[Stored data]

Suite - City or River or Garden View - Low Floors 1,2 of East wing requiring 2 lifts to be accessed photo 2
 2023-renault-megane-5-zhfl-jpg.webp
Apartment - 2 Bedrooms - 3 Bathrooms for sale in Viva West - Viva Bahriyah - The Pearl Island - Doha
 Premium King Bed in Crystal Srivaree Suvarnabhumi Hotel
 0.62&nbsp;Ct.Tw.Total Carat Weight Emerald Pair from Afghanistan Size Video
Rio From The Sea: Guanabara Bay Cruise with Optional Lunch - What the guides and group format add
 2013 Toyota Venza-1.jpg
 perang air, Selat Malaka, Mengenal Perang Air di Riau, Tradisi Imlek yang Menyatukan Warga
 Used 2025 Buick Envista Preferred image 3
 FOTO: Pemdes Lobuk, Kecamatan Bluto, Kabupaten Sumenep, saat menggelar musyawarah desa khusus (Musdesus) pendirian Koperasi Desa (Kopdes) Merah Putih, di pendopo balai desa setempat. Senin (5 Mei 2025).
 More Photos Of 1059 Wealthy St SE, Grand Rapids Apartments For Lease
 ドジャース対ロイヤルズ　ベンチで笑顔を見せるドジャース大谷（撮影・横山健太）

* [EXERCISE DETAILS]: An exact copy of every record is needed, so retype them all.

* [ANSWER SPACE]:
Suite - City or River or Garden View - Low Floors 1,2 of East wing requiring 2 lifts to be accessed photo 2
 2023-renault-megane-5-zhfl-jpg.webp
Apartment - 2 Bedrooms - 3 Bathrooms for sale in Viva West - Viva Bahriyah - The Pearl Island - Doha
 Premium King Bed in Crystal Srivaree Suvarnabhumi Hotel
 0.62&nbsp;Ct.Tw.Total Carat Weight Emerald Pair from Afghanistan Size Video
Rio From The Sea: Guanabara Bay Cruise with Optional Lunch - What the guides and group format add
 2013 Toyota Venza-1.jpg
 perang air, Selat Malaka, Mengenal Perang Air di Riau, Tradisi Imlek yang Menyatukan Warga
 Used 2025 Buick Envista Preferred image 3
 FOTO: Pemdes Lobuk, Kecamatan Bluto, Kabupaten Sumenep, saat menggelar musyawarah desa khusus (Musdesus) pendirian Koperasi Desa (Kopdes) Merah Putih, di pendopo balai desa setempat. Senin (5 Mei 2025).
 More Photos Of 1059 Wealthy St SE, Grand Rapids Apartments For Lease
 ドジャース対ロイヤルズ　ベンチで笑顔を見せるドジャース大谷（撮影・横山健太）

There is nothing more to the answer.